Позднее он говорил :

– Ты был первым, кто попросил подшивку. Первым после меня. Когда нас привезли из Ногинска, – шарашку собирались устраивать сначала там, потом перевели сюда, – я сразу же взялся за подшивки. Надо же такое: на тех же самых фронтах были, та же контрразведка замела. И такой же аппетит на газеты. Это уже вроде родства.

* * *

В ту первую зиму шарашки – 1947-1948 – арестанты размещались в двух комнатах на третьем этаже. Там же была дежурка, комната санчасти, кабинет начальника тюрьмы. В торце короткая лестница вела в кладовую под куполом. На сводчатом потолке еще шелушились бледные краски: небесная синева, лики и ризы ангелов, обрывки славянской вязи. Под ними громоздились дощатые стеллажи с ящиками и тюками.

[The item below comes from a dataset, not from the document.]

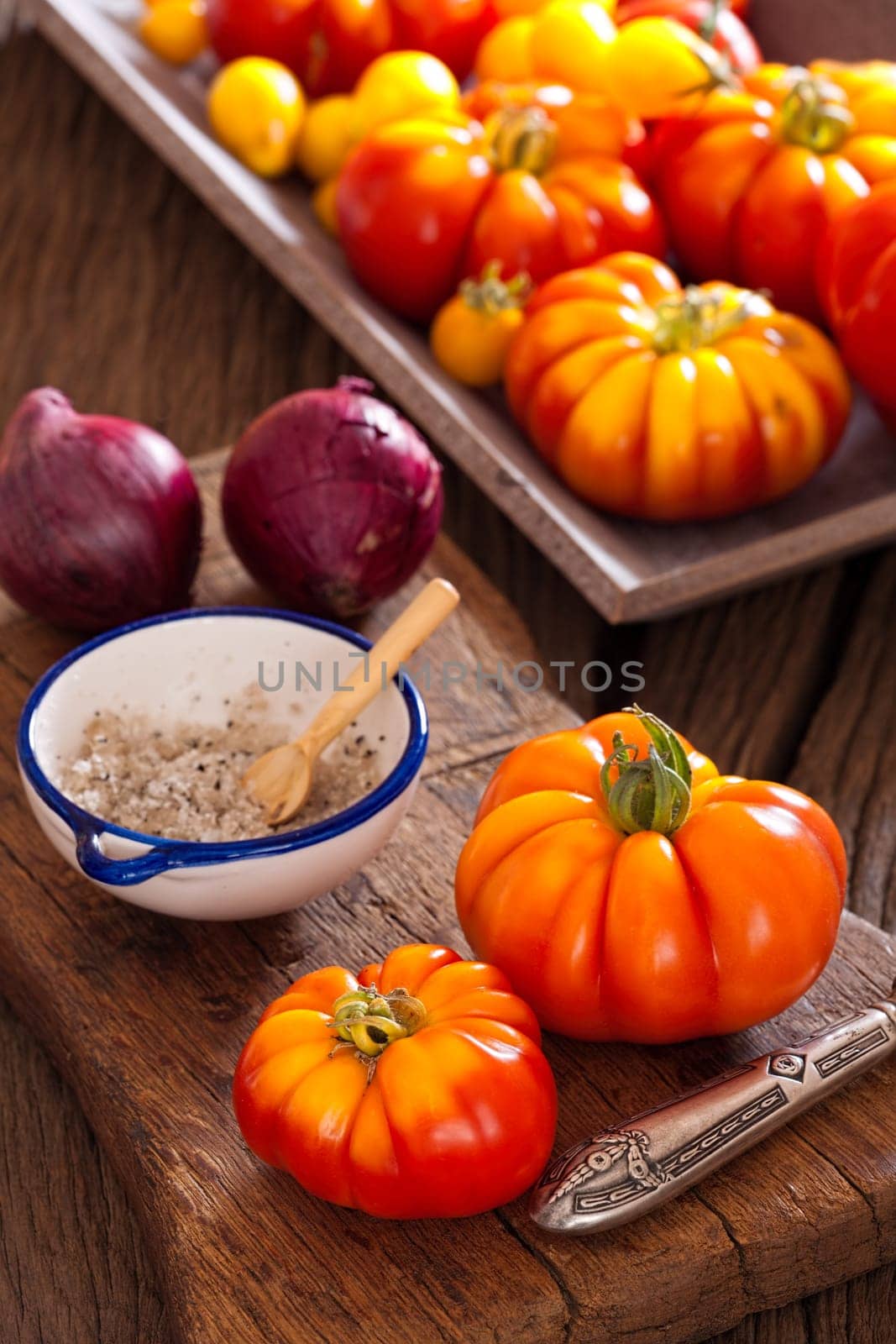Freshly harvested tomatoes with onions and salt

На втором этаже основные лаборатории; на первом – столовая и мастерские. Шарашка занимала только треть большого здания. Две трети были отделены во дворе высоким забором, изнутри – дощатыми стенками, обшитыми железными листами. Там шло строительство. Работали заключенные "бытовики".

Наш рабочий день начинался с утра и длился до шести вечера. Гулять разрешалось с утра, до и после завтрака. Рабочее время можно было продлить по собственному желанию. Начальниками всех лабораторий были заключенные. Они подавали дежурному надзирателю списки тех, кто оставался работать после ужина.

Вечерняя поверка проводилась без формальностей: дежурный заглядывал в лабораторию:

– Сколько вас тут? Все на месте? В уборную никто не пошел? Давайте не позже двенадцати в камеру. Чтоб без опозданий.

Свидание с родными полагалось каждые три месяца. И можно было получать любое количество писем, бандеролей, посылок. Но отправлять письма разрешалось только иногородним. Тюремный завхоз, он же почтальон и каптер, захлопотанный, толстомордый лейтенант, объяснил, что москвичи могут трижды в месяц получать передачи и раз в три месяца свидания.

– А переписка не положена! Ждите, как будет свиданка. Там все объясните.

Солженицын посоветовал :

– А ты попроси начальника тюрьмы. Подполковник Г., видать, не из вертухаев. Строевик, военная косточка. Любит выправку и любит, чтоб смотрели ему прямо в глаза. Не терпит слабаков, подхалимов и если кто темнит. Но так, кажется, не вредный. Ты подойди, как следует по уставу. Авось поможет.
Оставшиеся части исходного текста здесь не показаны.